You’ve got to keep in mind that no matter how annoying he may be, he’s the one who makes things lighter in the office when things get too serious, so he’s an essential part of the workplace, too. The workplace needs laughter to keep it fun. But once you find that the pranks get overboard, it’s time to put your skills at diplomatic talks to the test and try to find the best way to communicate with him that it’s not very polite and hygienic for him to leave his used socks in the office fridge.

5. The Stressor

Her mere presence stresses you out immensely. At the workplace, she’s like a dementor, looming over people’s desks and sucking out the positive energy from anything that’s within her 5-meter radius. She panics easily. She has this strange belief that the sky is falling. She can’t trust their staff to do the right thing. If you work with her, she’ll do everything in her power to micromanage you.
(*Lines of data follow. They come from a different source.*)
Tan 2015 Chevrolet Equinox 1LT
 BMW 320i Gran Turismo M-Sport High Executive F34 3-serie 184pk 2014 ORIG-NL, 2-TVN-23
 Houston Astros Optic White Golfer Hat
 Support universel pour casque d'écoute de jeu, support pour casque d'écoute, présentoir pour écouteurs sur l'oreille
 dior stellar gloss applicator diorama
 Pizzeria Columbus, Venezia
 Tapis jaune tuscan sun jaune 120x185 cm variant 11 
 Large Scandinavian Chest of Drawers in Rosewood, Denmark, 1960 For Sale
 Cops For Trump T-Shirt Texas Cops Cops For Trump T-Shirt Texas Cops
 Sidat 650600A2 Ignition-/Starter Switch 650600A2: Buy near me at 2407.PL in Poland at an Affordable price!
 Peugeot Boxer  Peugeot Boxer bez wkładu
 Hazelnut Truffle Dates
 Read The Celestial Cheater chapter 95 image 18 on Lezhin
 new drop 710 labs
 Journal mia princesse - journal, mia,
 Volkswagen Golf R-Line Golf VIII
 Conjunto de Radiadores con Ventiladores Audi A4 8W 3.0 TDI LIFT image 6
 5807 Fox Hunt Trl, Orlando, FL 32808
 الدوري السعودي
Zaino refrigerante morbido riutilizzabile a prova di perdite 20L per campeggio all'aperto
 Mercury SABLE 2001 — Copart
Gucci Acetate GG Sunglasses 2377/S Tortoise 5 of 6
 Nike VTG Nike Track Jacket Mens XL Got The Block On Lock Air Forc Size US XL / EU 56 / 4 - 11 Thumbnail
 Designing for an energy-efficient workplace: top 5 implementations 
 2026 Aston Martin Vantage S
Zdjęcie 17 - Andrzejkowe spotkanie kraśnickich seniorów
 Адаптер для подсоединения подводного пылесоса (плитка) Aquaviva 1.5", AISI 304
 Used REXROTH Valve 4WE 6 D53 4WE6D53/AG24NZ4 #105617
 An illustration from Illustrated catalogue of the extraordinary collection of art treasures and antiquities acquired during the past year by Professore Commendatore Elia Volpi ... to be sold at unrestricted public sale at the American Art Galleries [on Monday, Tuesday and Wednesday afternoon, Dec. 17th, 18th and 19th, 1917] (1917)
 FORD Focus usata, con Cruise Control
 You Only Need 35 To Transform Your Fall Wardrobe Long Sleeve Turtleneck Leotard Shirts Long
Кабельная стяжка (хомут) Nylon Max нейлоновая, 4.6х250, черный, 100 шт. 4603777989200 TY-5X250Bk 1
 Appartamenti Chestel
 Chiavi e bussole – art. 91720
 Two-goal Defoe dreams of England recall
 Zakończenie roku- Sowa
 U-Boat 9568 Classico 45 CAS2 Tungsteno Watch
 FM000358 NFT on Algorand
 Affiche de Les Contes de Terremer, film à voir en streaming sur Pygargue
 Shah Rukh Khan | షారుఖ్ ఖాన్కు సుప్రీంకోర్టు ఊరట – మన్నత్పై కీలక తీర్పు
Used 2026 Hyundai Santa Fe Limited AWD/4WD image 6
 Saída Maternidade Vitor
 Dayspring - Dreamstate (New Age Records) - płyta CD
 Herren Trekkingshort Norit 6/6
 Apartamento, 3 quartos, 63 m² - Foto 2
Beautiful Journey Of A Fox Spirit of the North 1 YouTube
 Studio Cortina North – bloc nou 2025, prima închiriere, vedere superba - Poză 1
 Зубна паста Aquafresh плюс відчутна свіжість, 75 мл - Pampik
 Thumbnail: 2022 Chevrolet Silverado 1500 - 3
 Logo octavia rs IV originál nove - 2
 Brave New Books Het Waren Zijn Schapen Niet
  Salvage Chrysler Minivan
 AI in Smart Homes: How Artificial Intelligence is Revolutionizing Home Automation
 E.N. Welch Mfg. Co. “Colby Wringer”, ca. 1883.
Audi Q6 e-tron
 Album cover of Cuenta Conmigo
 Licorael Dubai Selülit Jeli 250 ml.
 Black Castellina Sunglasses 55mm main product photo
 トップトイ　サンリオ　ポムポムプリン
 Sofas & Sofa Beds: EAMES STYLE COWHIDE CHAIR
She looks a lot older for her age. She nags a lot. You’ve contemplated sprinkling sedatives in her coffee more than once before.

Solution

Again, like the whiner, sometimes all she needs is for people to show and tell them that everything’s OK. Set an example to her by remaining calm even during stressful times. Be the living proof of how people are more effective and make better decisions by remaining calm. If this doesn’t work, try opening up to them by being honest about how their stress levels have a tendency of rubbing off on you. Offer help if you can. Be sincere and don’t attack them. They might not even be aware of this attitude of theirs.